Great. I appreciate the answer. The second question, kind of circling back to Freestone and some of the comments y'all made about timing it perhaps with the midstream build out as we progress in the Q4 and the 2026. Is there anything we should be thinking about on the Elijah one in terms of flow rate versus the IP rate or if that dynamic will apply to any other wells planned for this year?
Well, so the flow rate on the Olajuwon is, I mean, we're flowing at basically the same type curves that we've got set up for all the wells back to the core. I don't think anything on the midstream side is going to constrain us on the ability to flow them how we want to flow them. We just need to be able to get the midstream in place to be able to drill these, which is why we're not spreading another well until... up there until the end of this year and really mostly into next year. The well looks as good as everything else we have. We're going to flow it the same as the other wells we have, and we don't have any constraints on the midstream side.
Excellent. Appreciate the time. Thank you. Great questions.
Thank you. Our next question comes from Carlos Escalente. from Wolf Research. Please go ahead.
Hey, good morning, gentlemen. Thank you for taking my question. Good morning.
Good morning. So considering that 2025 is an HBP-driven program, so to speak, if I jump forward to 2026, what is y'all's underlying assumption for that year's program in terms of capital allocation in between HBP exclusive wells versus delineator slash appraisal wells. I think that to conclude the question, it would be tremendously helpful to understand and parse out the general geography of where these HBP wells are and their underlying impact to the perception of those well results as we move through the next 24 months.
Yeah, I mean, we still want to focus on when we drill a well in the western Hainesville into holding acreage. And remember, we have that 70 wells or so to hold this acreage that we leased versus the acreage we acquired that's held by the shallow production. So that will always be a big priority over anything else. Yeah, that and the proximity and availability of midstream and acreage are for the next – 25, 26, they'll both be similar. Those will be the main drivers to where they drill these wells.
Yeah. Thank you, Roland. I maybe should have clarified that I was asking specifically about the western Haynesville.

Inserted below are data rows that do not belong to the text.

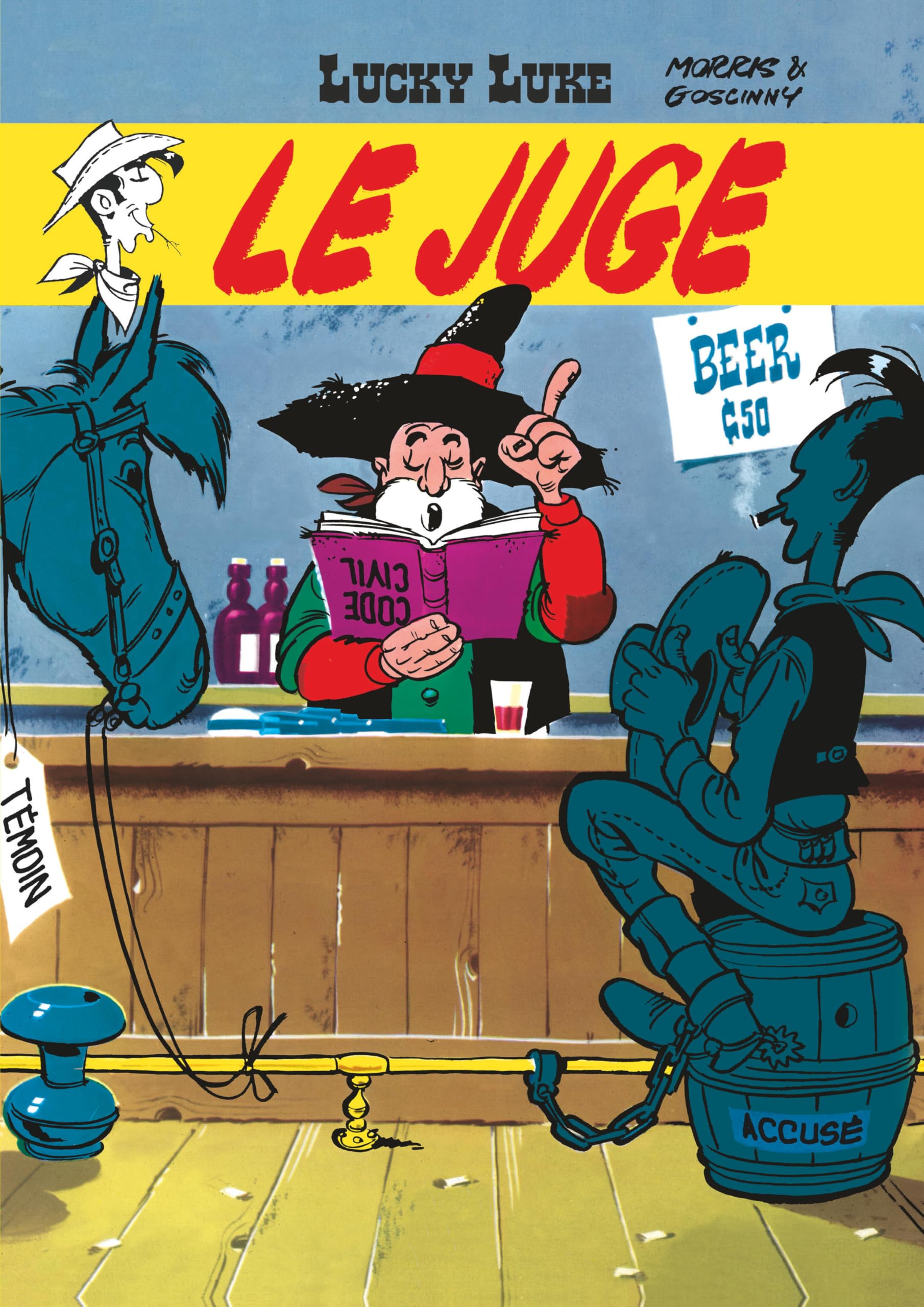 jaquette album Lucky Luke - Tome 13 - Le Juge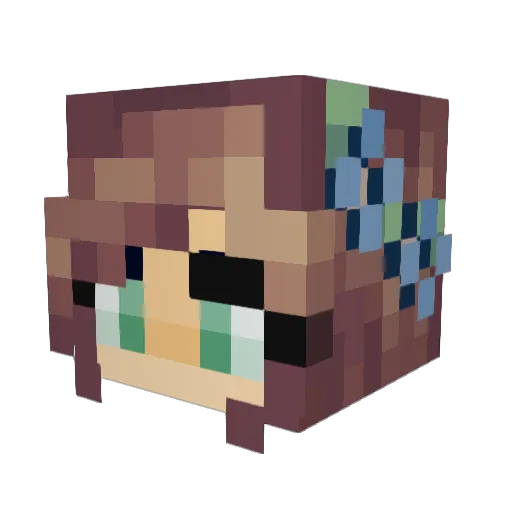 highlex444 Minecraft avatar head, 3D render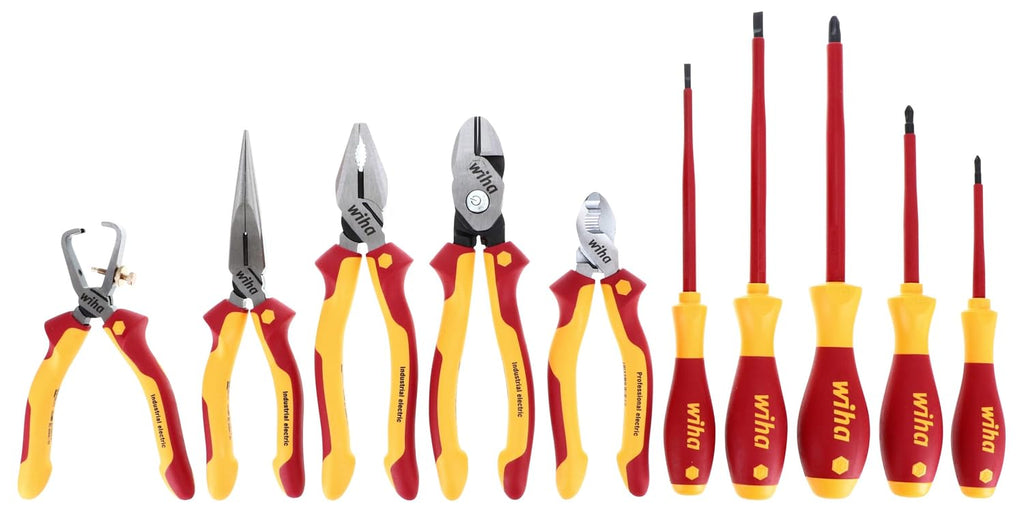 Wiha 32891 Insulated Pliers and Screwdriver Set, 1000 Volt, 10 Piece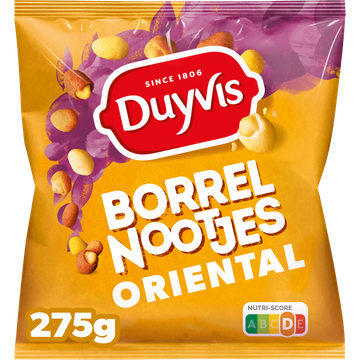 Duyvis Borrelnootjes Oriental Pinda Noten 275 gr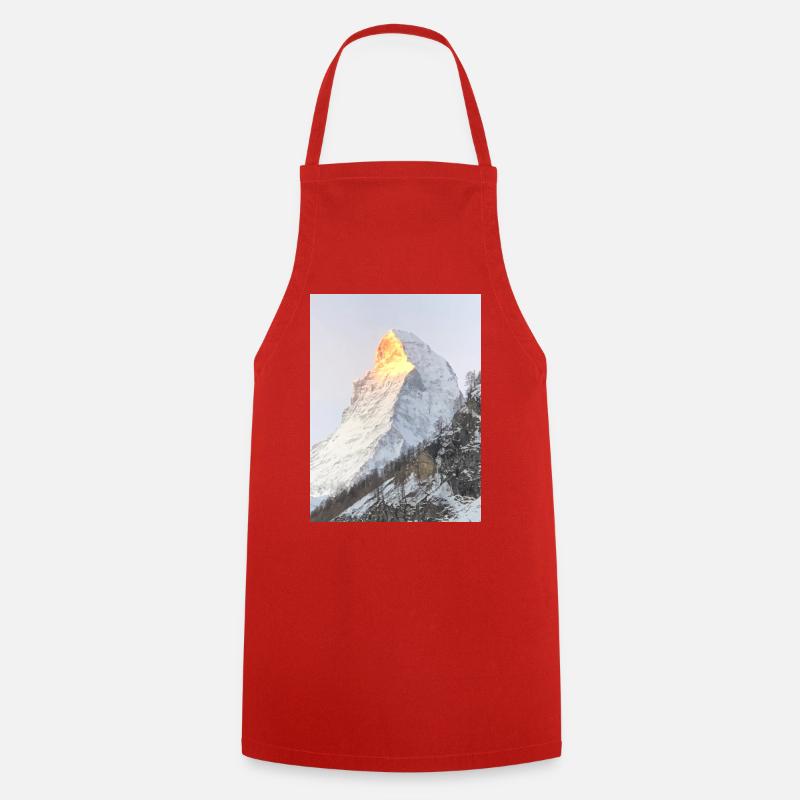 Matterhorn 2 - Cooking Apron - red
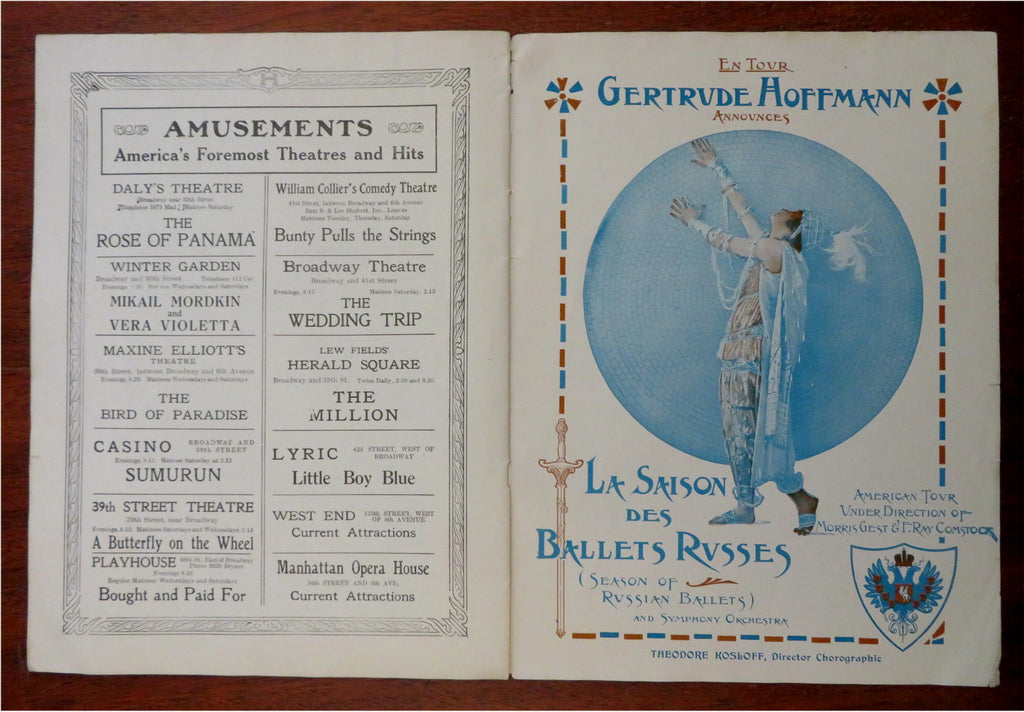New York Hippodrome Souvenir Book 1911 pictorial promo booklet w/ music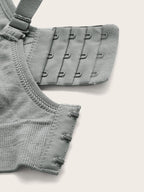 3pcs Maternity Simple Solid Comfort Nursing Bras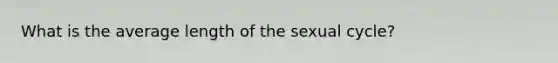 What is the average length of the sexual cycle?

That is the western Haynesville, right? Yeah. Legacy Haynesville, we don't have any acreage to drill the hole, so that's very price-driven and And the takeaway is there are areas that the takeaway is more difficult in the Legacy Hainesville. There are different costs to the transport in the Legacy Hainesville, so we take that into account. But generally, we fill in the Legacy Hainesville locations. And since we haven't been that active there, we're actually able to go back into some of our higher performing areas, you know, with our with the rig we just added and drill and the Legacy Hainesville around that since we've created a lot of space about letting production kind of fall in that area. Yeah.
Thank you, Roland. Appreciate it. My second question is turning to the macro real quick and perhaps, you know, using one of the prior questions as a segue. Are you, would you be concerned at all if, Permitting around the Permian, even though you rightly point out, Jay, those wells are drilled for the oil, but unfortunately have a ton of associated gas. Simply, they don't have the necessary takeaway capacity to the necessary demand center. So would you all be concerned, or what do you view that Permian gas, if there was an outlay for that gas from additional permitting at the government level that would take more of that molecule towards the Gulf Coast or the general demand area. Is that something that you're thinking about or concerned about at all?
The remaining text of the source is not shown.